Today, we have become pretty accustomed to getting a well-crafted package, whether a film or a TV series. This perfection is achieved through good characterization involving the perfect costumes and looks. For this, the entire wardrobe and makeup department are established to give the characters their distinct looks and attire.
But, back in the 1960s and 1970s, this wasn’t the case. Stylists were never an integral part of the crew back then as they are nowadays. Moreover, the supporting cast was required to arrange for their costumes, and it wasn’t the responsibility of the production house. While the wardrobe department would do ironing and cleaning only. If actors from that era visit the TV show sets today, they might faint after seeing how production houses pamper artists.
Creating magic on screen is not an issue given the unprecedented technological advancement of our time. Film and drama makers can quickly produce the desired environment for their audiences as per the script’s demands. Trained graphic designers and CGI experts are roped in to add special effects. The special effects industry has become a lucrative market nowadays.
But you would be surprised to know that on Bewitched, a show that heavily relied on special effects to show the magical powers of Samantha- the witch, instead of CGI stagehands were used to create the desired effect. Such as, when Samantha had to twitch her nose to clean the room with the blink of an eye, she was asked to stand still while stagehands quickly cleaned the room. That’s how the show’s special effects were created on screen since CGI technology wasn’t available at that time.
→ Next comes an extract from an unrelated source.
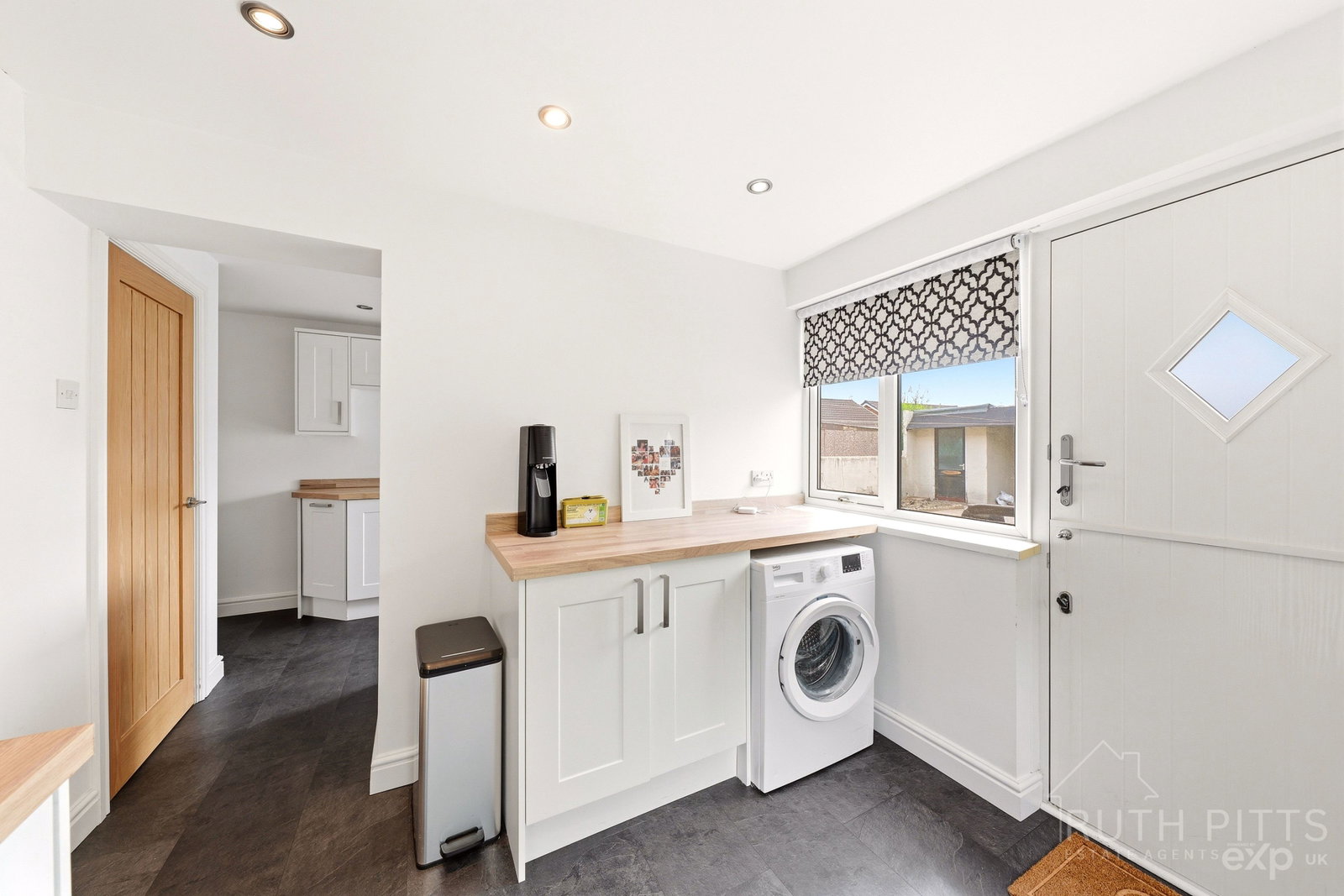 Semi Detached House in Pontefract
If you are a history buff and have kept yourself updated about the significant events of the twentieth century, you would agree that the 1960s were a tumultuous time in the USA. Many events of historical importance took place during this time, including the assassination of then-US president John F. Kennedy.
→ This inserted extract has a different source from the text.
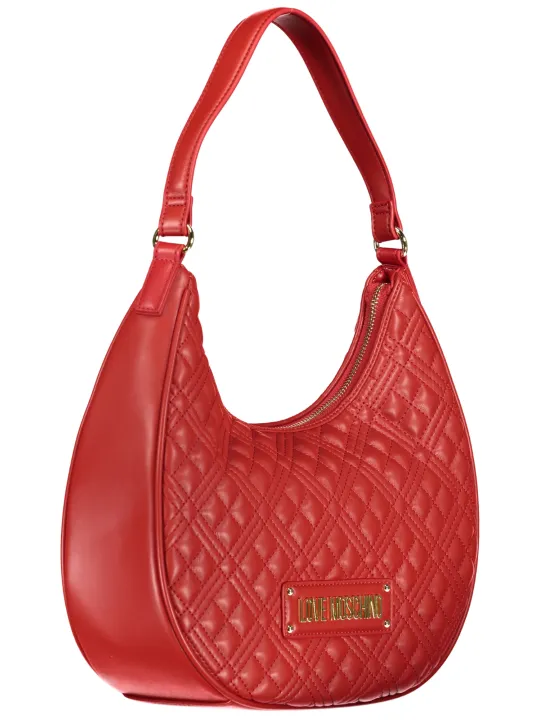 "Love Moschino Startseite im Sale | LOVE MOSCHINO ROTE DAMENTASCHE online kaufen"|Planet-Deluxe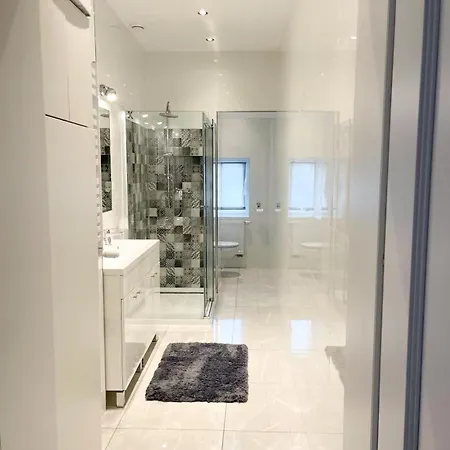 Luksusowy Dla 6 Osob - 90 M2 Apartment Swinoujscie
The same is the case with Bewitched. The series had connections with some important events that occurred and took the country by storm during the 1960s. Such as, the show’s leading lady Elizabeth Montgomery who played the character of Samantha, was to film the pilot episode of the show the same day when Kennedy was assassinated. That’s not all. After five years, an episode of Bewitched was taken off air to show breaking news of the assassination of Martin Luther King. Thankfully, America and Bewitched had a relatively smooth run during the 1970s.